[英]How to normalize stock price data
Note: Dates are formatted as DD.MM.注意:日期格式为 DD.MM。
I have the closing prices for a number of companies (here: A, B, C) for a time frame (here: Jan 1st to Jan 5th).我有一些公司(此处:A、B、C)在一段时间内(此处:1 月 1 日至 1 月 5 日)的收盘价。 The df looks like this:
df 看起来像这样:
df1 <- data.frame(date = c("01.01.", "02.01.", "03.01.", "04.01.", "05.01."),
A = c(102, 103, 107, 120, 134),
B = c(94, 95, 100, 93, 90),
C = c(55, 53, 50, 51, 48))
The way I want to normalize the data is by using the z-score, so "z = (x – μ) / σ", meaning that for A on 01.01., this would be (102 - 113) / 13.85641 = -0.7938...我想规范化数据的方法是使用 z 分数,因此“z = (x – μ) / σ”,这意味着对于 01.01 上的 A,这将是 (102 - 113) / 13.85641 = -0.7938 ...

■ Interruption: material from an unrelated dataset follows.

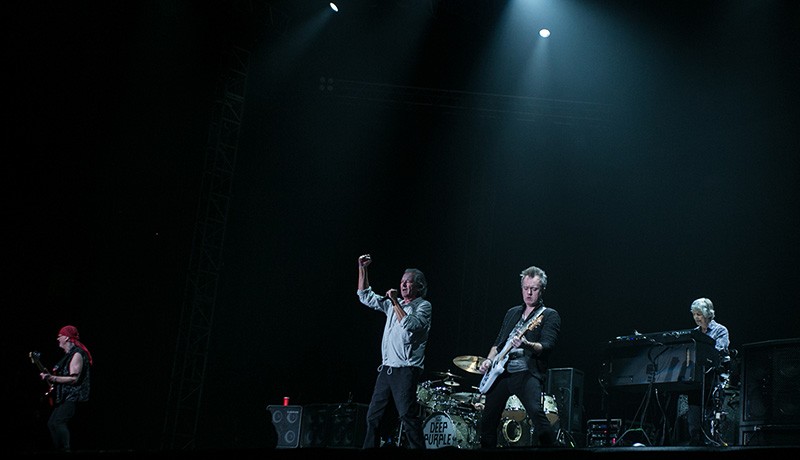 Foto-Foto Penampilan Deep Purple di Solo - Bagian 4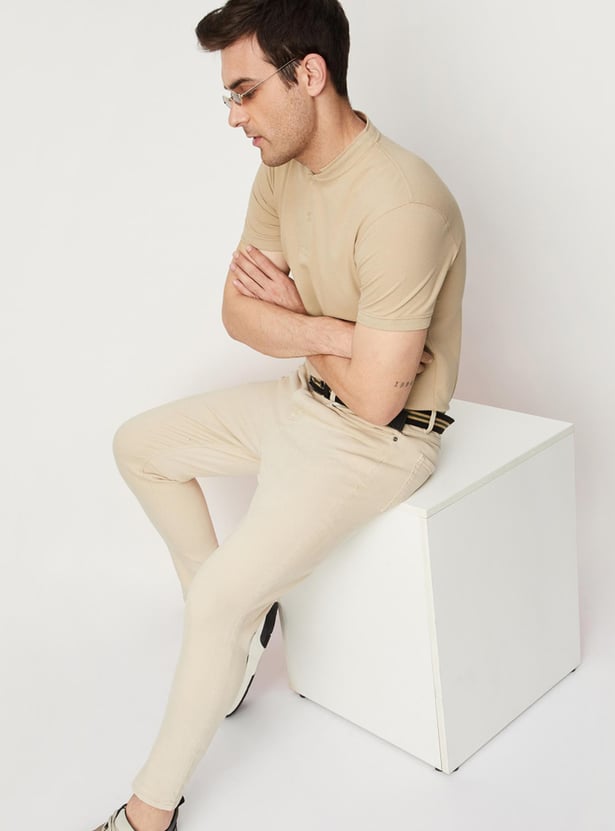 Men Textured Knit Slim Fit Band Collar T-shirt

How do I apply this to all my observations?我如何将其应用于我的所有观察? I'm guessing with the
mutate
funcation in dplyr
but I can't seem to figure out how to actually do it.我猜测
dplyr
中的mutate
函数,但我似乎无法弄清楚如何实际做到这一点。
In dplyr
, I think you'll need to use something like across(c(A,B,C), ...)
.在
dplyr
中,我认为您需要使用 cross across(c(A,B,C), ...)
类的东西。
Just to offer an alternative method using data.table
, which will update the table by reference ie.只是为了提供一种使用
data.table
的替代方法,它将通过引用更新表格,即。 there is no need to write something like df1 <- df1 %>%...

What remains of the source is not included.